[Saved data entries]
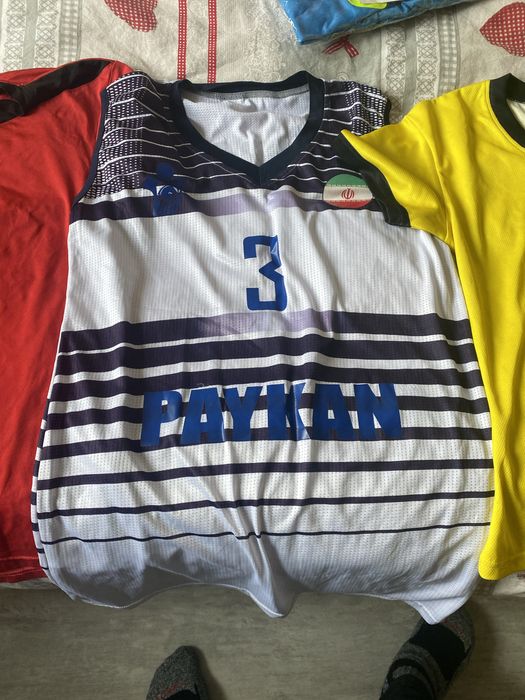 Футболки спортивные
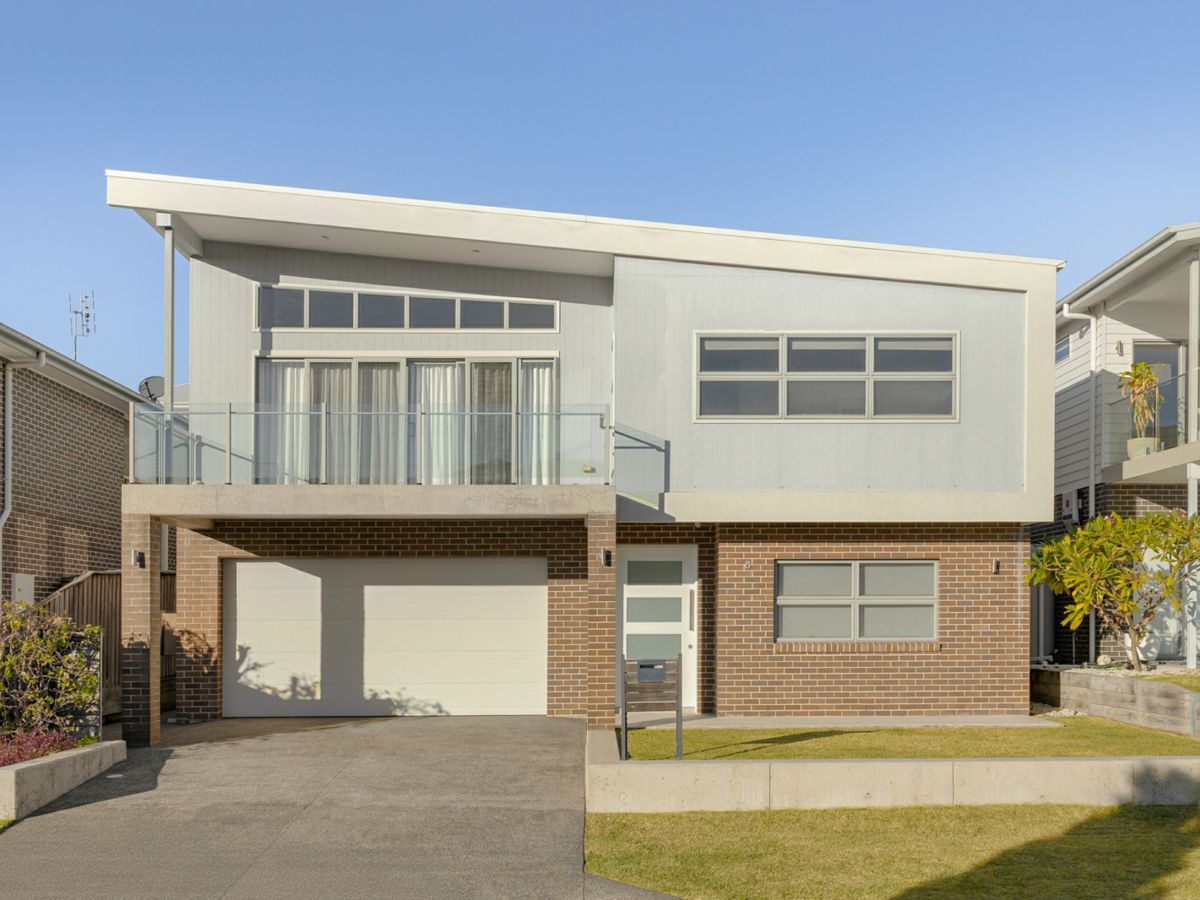 8 Air Avenue, Bulli - image 1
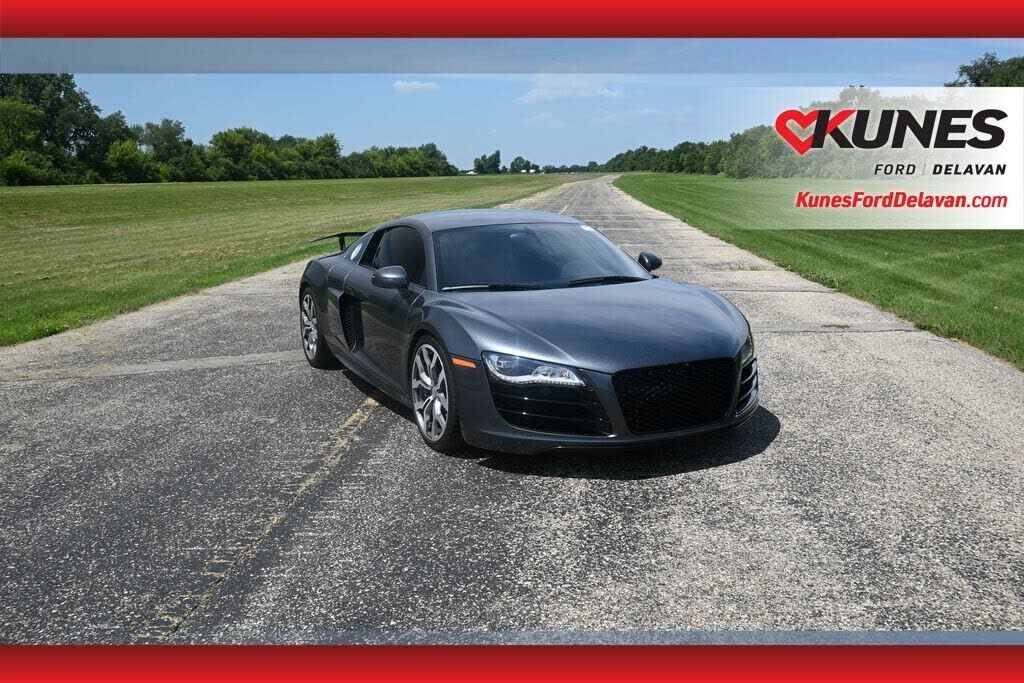 2011 AUDI R8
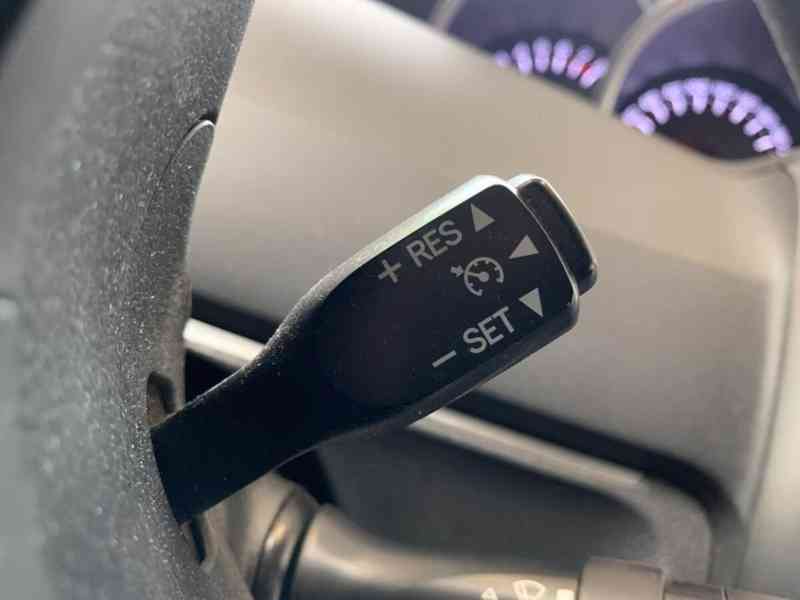Toyota Verso 1,8i COMFORT benzín 108kw - foto 24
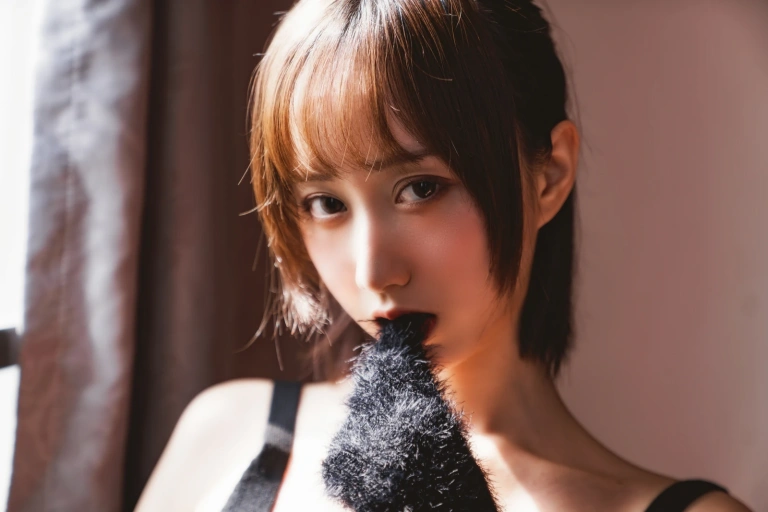 木棉棉《黑丝私房》主题写真：83张全套美图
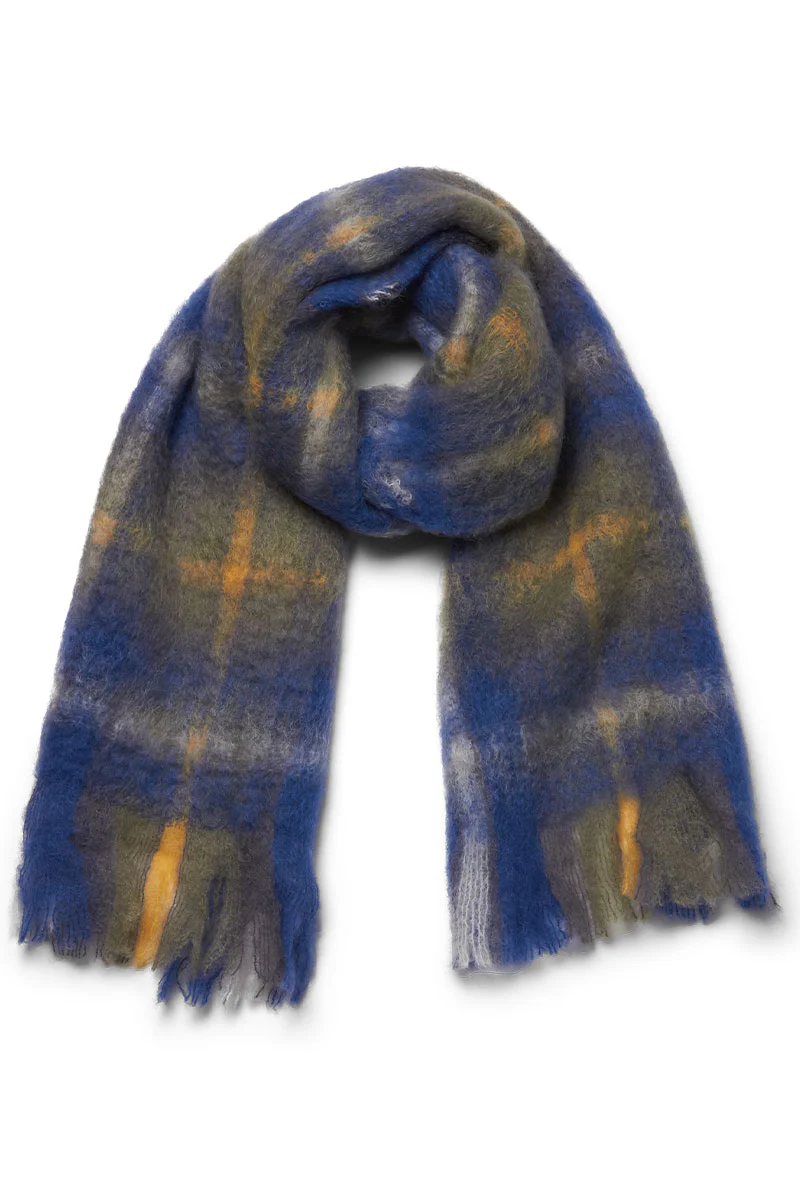 Mohair Tartan Scarf - Image 3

:: YOUR INSTRUCTIONS ::
When the line containing "Toyota Verso 1,8i" has been located, retype it and each line after it through the end of the records, excluding the pictures and adding nothing else.

:: RESPONSE AREA ::
Toyota Verso 1,8i COMFORT benzín 108kw - foto 24
 木棉棉《黑丝私房》主题写真：83张全套美图
 Mohair Tartan Scarf - Image 3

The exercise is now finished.